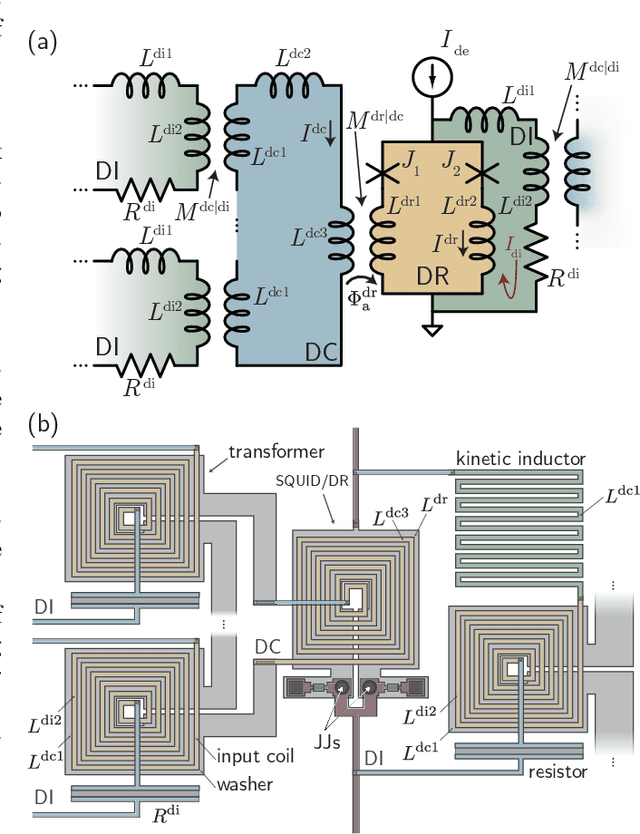 Figure 4 for An active dendritic tree can mitigate fan-in limitations in superconducting neurons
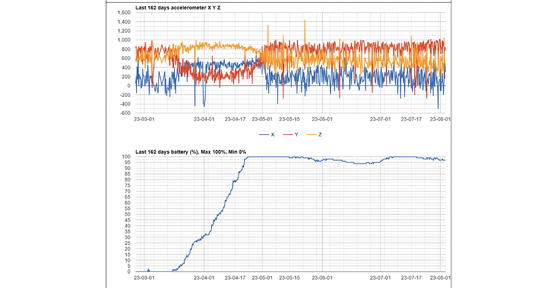 Graphe : tracés de l’accéléromètre et du niveau de chargement de la batterie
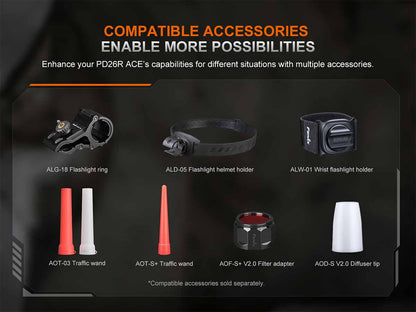Compact Rechargeable EDC Flashlight source view 18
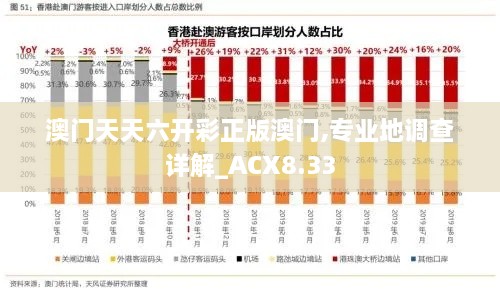 加入我们 第366页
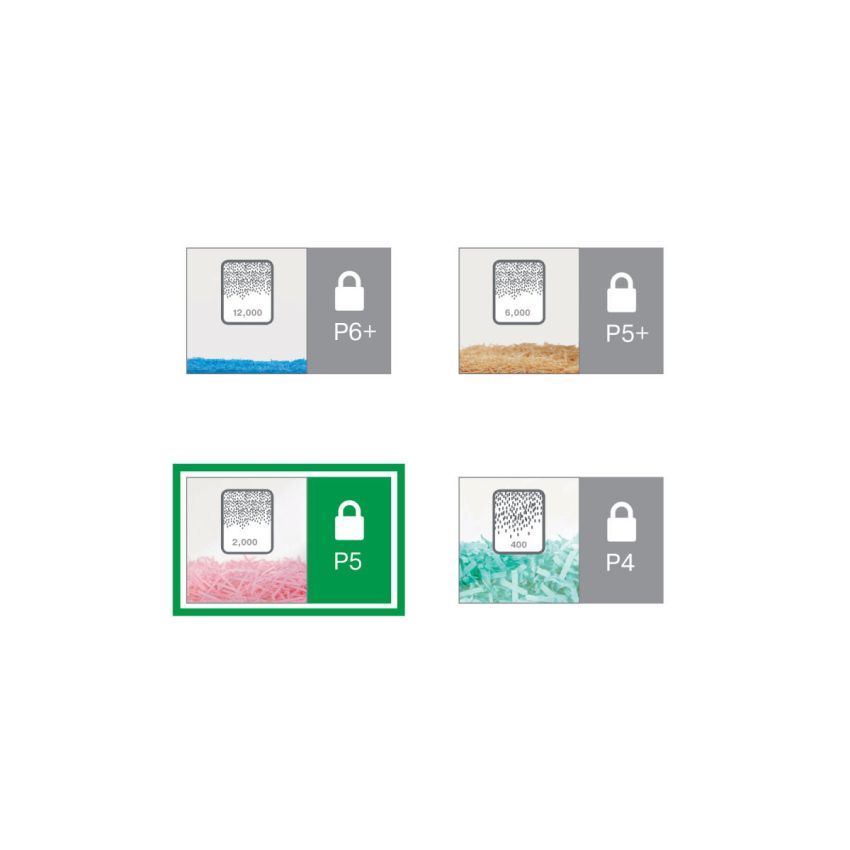 Concasor de Hârtie Tăiere Măruntă Leitz Office Pro P5 Leitz IQ 30 L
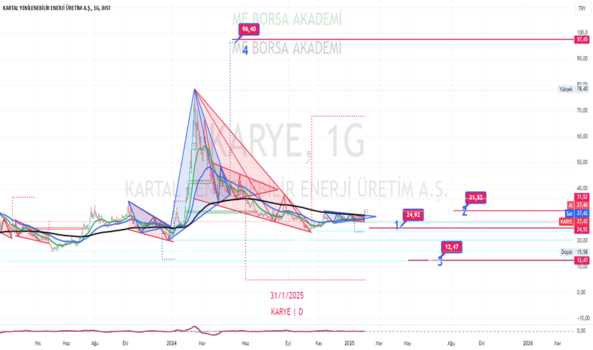 1Şubat 1, 2025 16:24 - KARYE - Hisse Yorum ve Teknik Analiz - KARTAL YEN. ENERJI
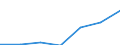 Information society indicator: Last online purchase: in the last 3 months / Individual type: All Individuals / Unit of measure: Percentage of individuals who used internet within the last year / Geopolitical entity (reporting): Poland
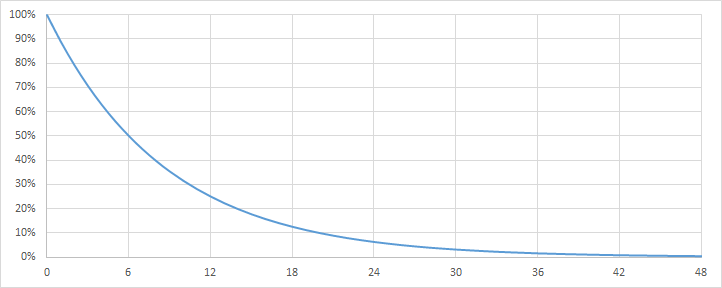 caffeine half life calculator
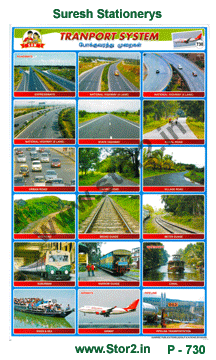 Transport System-Picture Chart No.-730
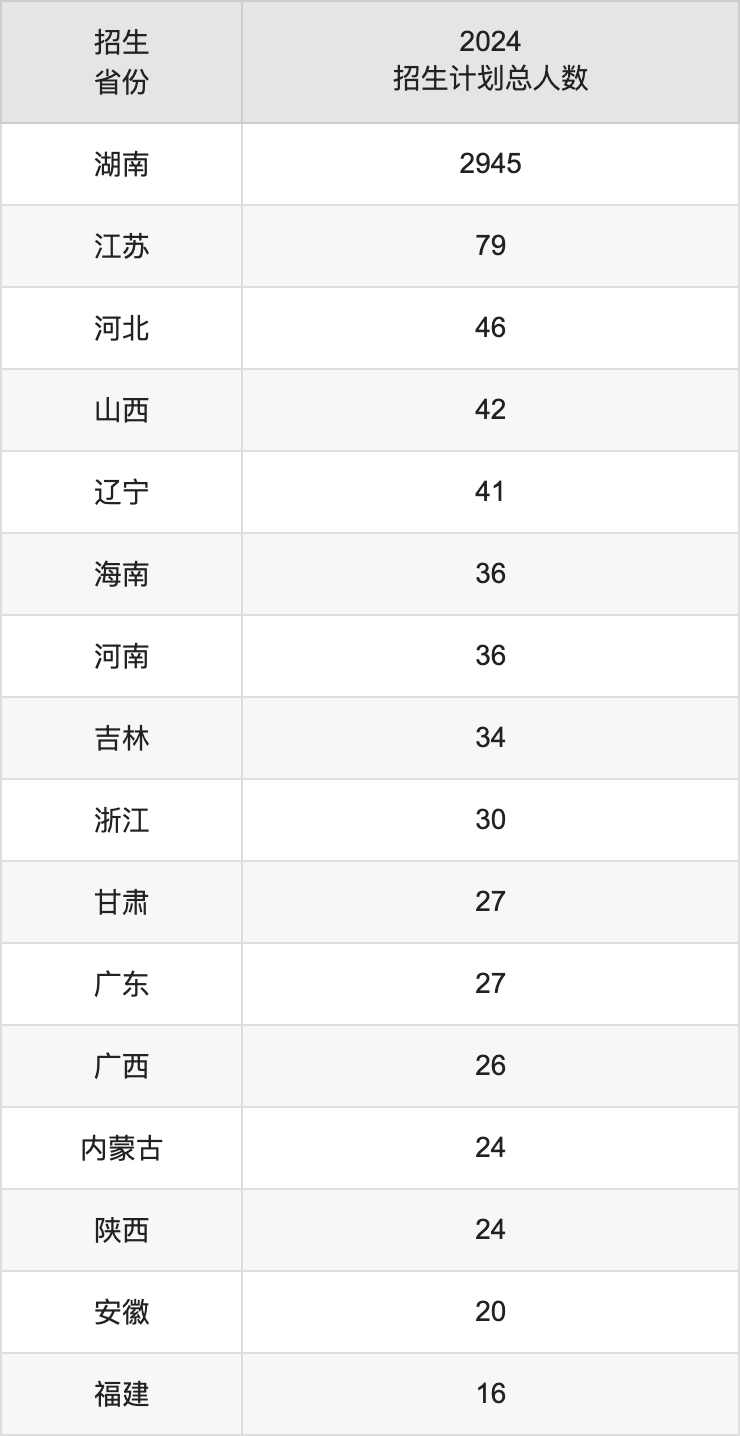 湖南科技学院2025高考招生简章,各省招生计划人数汇总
^^^^
_What is being asked:_
When you reach the line with "1Şubat 1, 2025" in the records above, begin repeating the lines exactly, and stop after the line with "Information society indicator: Last". Skip all pictures.

_Answer area:_
 1Şubat 1, 2025 16:24 - KARYE - Hisse Yorum ve Teknik Analiz - KARTAL YEN. ENERJI
 Information society indicator: Last online purchase: in the last 3 months / Individual type: All Individuals / Unit of measure: Percentage of individuals who used internet within the last year / Geopolitical entity (reporting): Poland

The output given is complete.